When I started brewing I thought the first beer I made was world class. It blew my mind I could make something that good at home. Over time I became increasingly critical of my beer, but every once in awhile I brew something that brings back that old feeling from my early batches.
When the cap is popped the beer makes a very light hiss hinting at the low carbonation in the bottle. Midlands Mild pours espresso brown with a ruby hue. The off-white head is thin and frothy. I poured the beer mostly in the middle of the glass to help the head rouse. The retention isn’t great which is to be expected in a lightly carbonated beer.

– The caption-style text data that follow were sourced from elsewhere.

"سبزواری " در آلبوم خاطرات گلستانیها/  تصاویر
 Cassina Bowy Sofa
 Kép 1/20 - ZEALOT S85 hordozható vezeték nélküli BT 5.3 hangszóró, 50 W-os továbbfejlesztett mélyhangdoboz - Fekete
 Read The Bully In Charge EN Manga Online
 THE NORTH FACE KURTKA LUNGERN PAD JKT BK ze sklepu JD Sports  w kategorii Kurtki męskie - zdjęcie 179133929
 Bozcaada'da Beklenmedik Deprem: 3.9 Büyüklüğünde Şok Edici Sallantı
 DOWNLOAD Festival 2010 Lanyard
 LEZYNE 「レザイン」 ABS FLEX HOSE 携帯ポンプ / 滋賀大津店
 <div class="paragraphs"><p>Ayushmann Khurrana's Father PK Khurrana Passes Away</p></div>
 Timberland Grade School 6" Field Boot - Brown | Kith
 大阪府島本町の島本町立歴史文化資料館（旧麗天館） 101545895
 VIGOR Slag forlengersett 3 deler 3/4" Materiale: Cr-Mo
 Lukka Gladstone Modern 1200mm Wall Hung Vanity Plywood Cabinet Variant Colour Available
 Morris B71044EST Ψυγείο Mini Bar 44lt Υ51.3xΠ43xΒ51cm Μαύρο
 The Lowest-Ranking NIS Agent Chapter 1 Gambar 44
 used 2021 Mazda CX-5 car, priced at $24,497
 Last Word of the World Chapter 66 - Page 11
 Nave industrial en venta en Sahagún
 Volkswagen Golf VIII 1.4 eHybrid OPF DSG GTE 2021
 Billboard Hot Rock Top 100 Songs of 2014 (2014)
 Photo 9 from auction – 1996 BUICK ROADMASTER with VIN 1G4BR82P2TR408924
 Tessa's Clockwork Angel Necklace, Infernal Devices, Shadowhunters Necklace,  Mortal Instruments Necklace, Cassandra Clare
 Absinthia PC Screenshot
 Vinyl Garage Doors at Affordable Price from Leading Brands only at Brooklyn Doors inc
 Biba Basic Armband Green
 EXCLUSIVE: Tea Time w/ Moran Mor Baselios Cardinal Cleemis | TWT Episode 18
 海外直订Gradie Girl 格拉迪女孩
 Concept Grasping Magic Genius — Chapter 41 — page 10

A mild is a perfect canvas for English yeasts that produce fruity and floral esters, and this example is no exception. Notes of honey and melon are prominent in the aroma. There are also faint notes of cocoa lying in the background.
The low carbonation and high percentage of specialty malts give the beer a medium body with a creamy mouthfeel. The beer starts sweet, but the finish is sufficiently balanced with hop bitterness and roasted malt flavor. There is some cocoa powder and licorice in the finish, but nothing that by any means dominates a 3.5% alcohol by volume beer.
This beer is everything I wanted it to be. As a brewer formulating a recipe you start with an idea of how you want your beer to look, feel, and taste. When I brew something that finishes exactly how I intended it brings me back to when I first started brewing.
I shared this beer at a recent North Shore Brewers meeting. The meeting was to discuss cask ales. I brought Midlands Mild because its low carbonation is intended to replicate a cask ale in a bottle. The response was very positive at the meeting. I also threw in a bottle with some beer mail I sent to fan of the blog Todd S. in Minnesota. He gave the beer a more than respectable 3.75 on Untappd.
This is one of my favorite beers I have brewed. It is a beer that works in any season or occasion. There is nothing about the beer I would change. I developed the recipe and ordered the ingredients several months before I made time to brew the beer. When I revisited the recipe on brew day it looked overly complicated. I couldn’t figure out exactly what I was trying to accomplish with my ingredients and almost changed the recipe on they fly. Thankfully I did not.
I have hit on a new house recipe. Whenever I brew a mild it will be this recipe.